2. The Vodafone image concern I don't understand - we identified Vodafone as one of the main entities in the story (Vodafone shut off service to Egypt), and that is why the image is showing up there. If you visit the Renesys blog (the original source) you will see that Vodafone is mentioned there. The Vodafone image is not an ad, it is there to identify what the story is mainly about - context.
3. Regarding adding insight, opinion or value - we believe that the role of algorithmic news aggregation is not to have an opinion, but instead to uncover news that you may not otherwise have been aware of, give you context in the form of links to the main entities in that story, or other stories on the same topic. We believe we do that very accurately, and are always working on making it better and smarter.
4. Regarding the comparison to Techmeme - everyone has their favorite aggregator, and I am a big fan of Techmeme as well. I would, however, point out that Techmeme also displays ads in order to make a living, and they also have "content pages" that you can find through Google search.
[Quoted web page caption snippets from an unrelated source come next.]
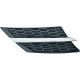 GRILL RE.    TOYOTA RAV 4, passend für 13-12.15 5310542010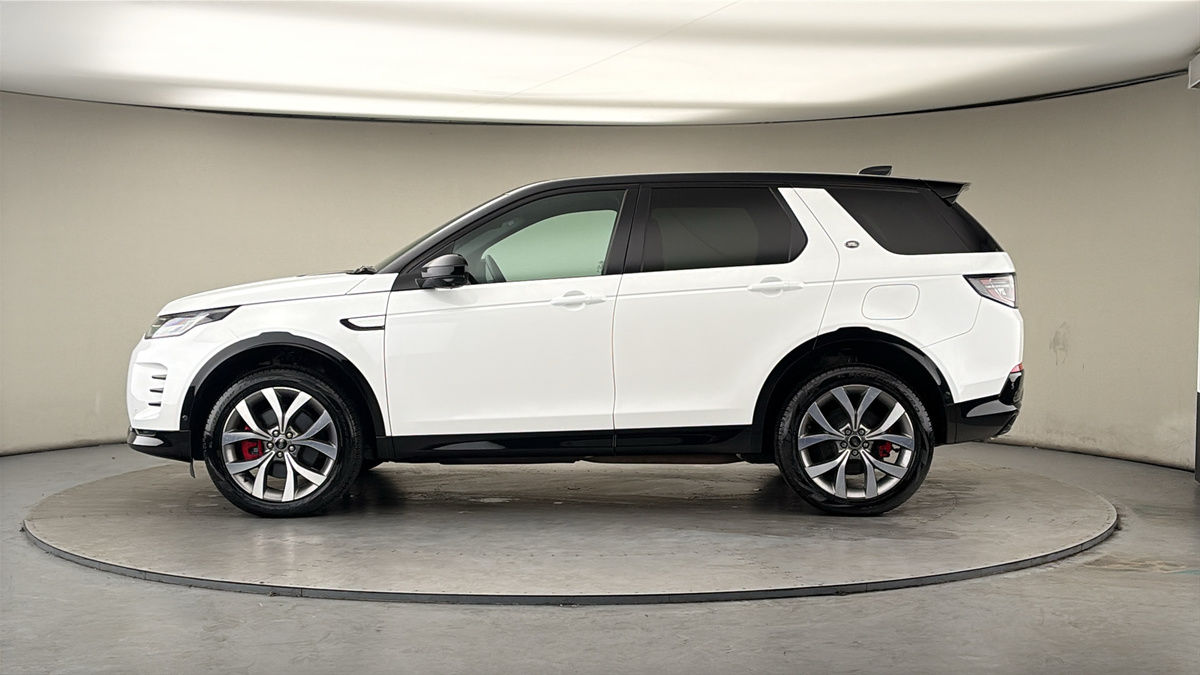 Used Land Rover Discovery Sport 2024 for sale - 78168197: Photo 15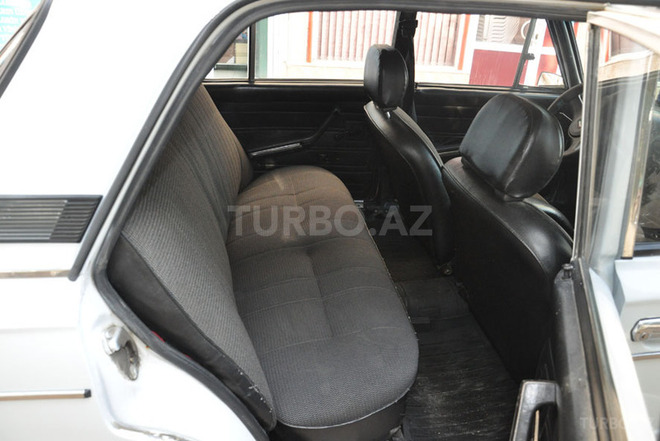 LADA (VAZ) 2106 1999, 100,000 km - 1.6 l - Bakı
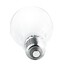 10w A19 Warm White E26/e27 Led Globe Bulbs Smd A60 - 4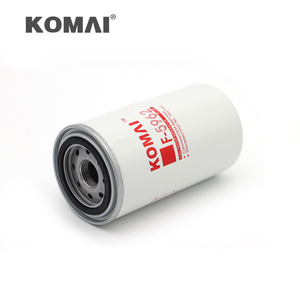 KOMAI Yakıt Filtresi FF185 1P-2299 P557440 KS596-2 WK 950/3 SP101562 752047 VA3436204100 154709 1W-8633 6439676 461686 1P-2299 - Product Image 2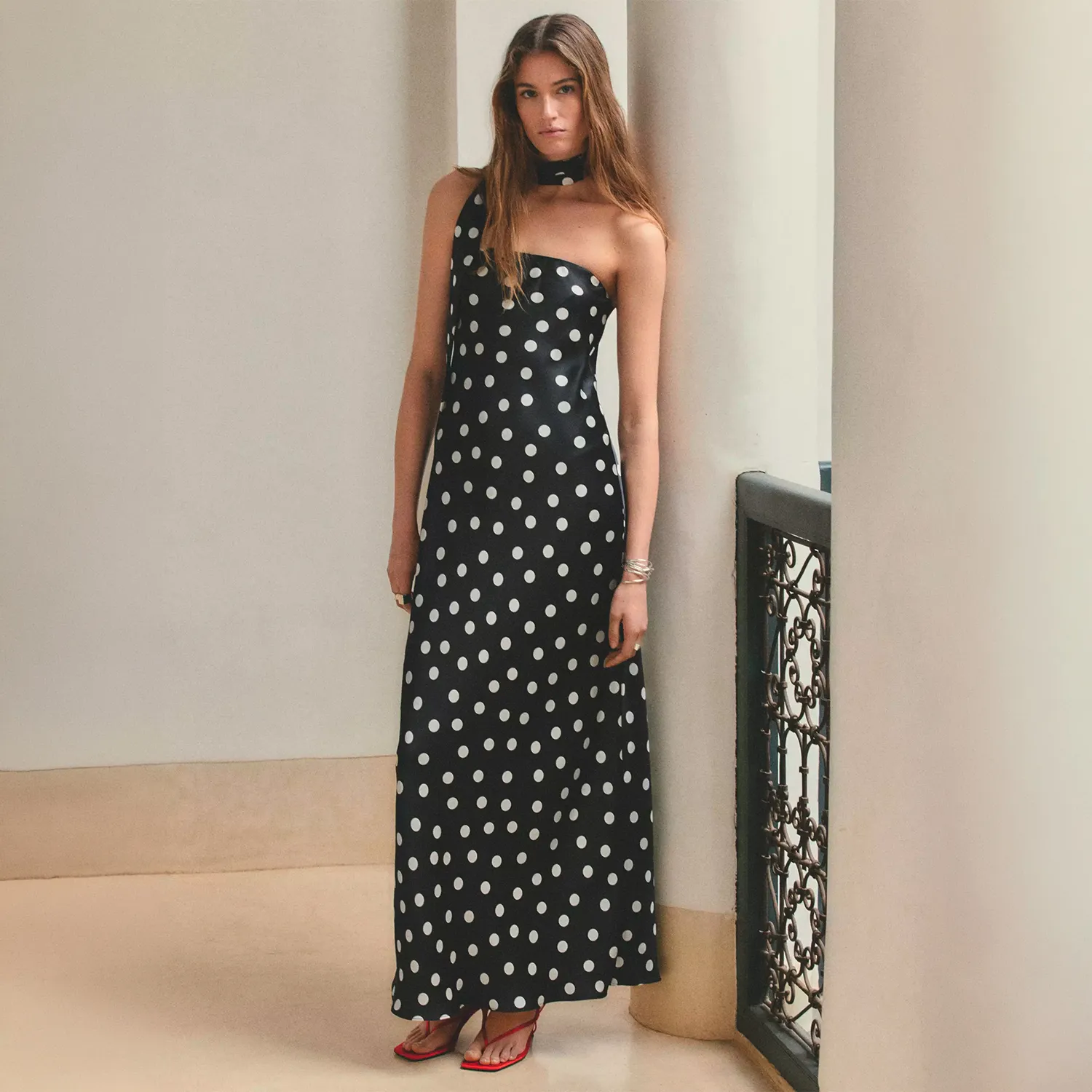 MANGO - Vestido $94.990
Indeed, virtually all aggregators run ads against the aggregated content they display on their sites, and all aggregators have "content pages" above and beyond a homepage.
The issue I am trying to uncover is not whether you like our sites or not, but rather what exactly we have done wrong, when compared with other aggregators, that caused us to not just have our pages bumped down in ranking, but to be totally de-indexed and have our PageRank stripped away (from a respectable 5 on Celebrifi). That, and to understand better what the future of content or news aggregation might be - should we expect all aggregators to become de-indexed? Are there guidelines that should be followed, or changes that should be made, to not fall afoul of Google? Are all aggregators on a level playing field, or will the lesser-known ones be shut off while the chosen few with established brand names survive?
These are valid concerns, not just for us but for many others in this space, and we are more than prepared to put in whatever changes might be needed to get back into Google's good books.
The big aggregators will win and rise to the top. The knock-offs will be de-indexed. There's only so much room for news and gossip sites that don't add value, don't take it personally just move on.
On the other hand, if I wanted to see an aggregator site like Huffingtonpost or Digg, then I could Google for a site like that, or even Google for a keyword about a discussion that happens on the aggregator site. That seems legitimate to me, but showing up when I'm googling for something related to the original source is obviously not.
It's unfair to be in the results page with somebody else's content when the people searching for that content are actually targeting the original source, not yours.
That said, I'd be careful of analogizing aggregators to wire services. The AP actually employs their own reporters.
IMO.You are kind of hiding the original source and do make it hard to find. Yes you show the source and your call to action is "Read More" but your site does not give the appearance of a news aggregator.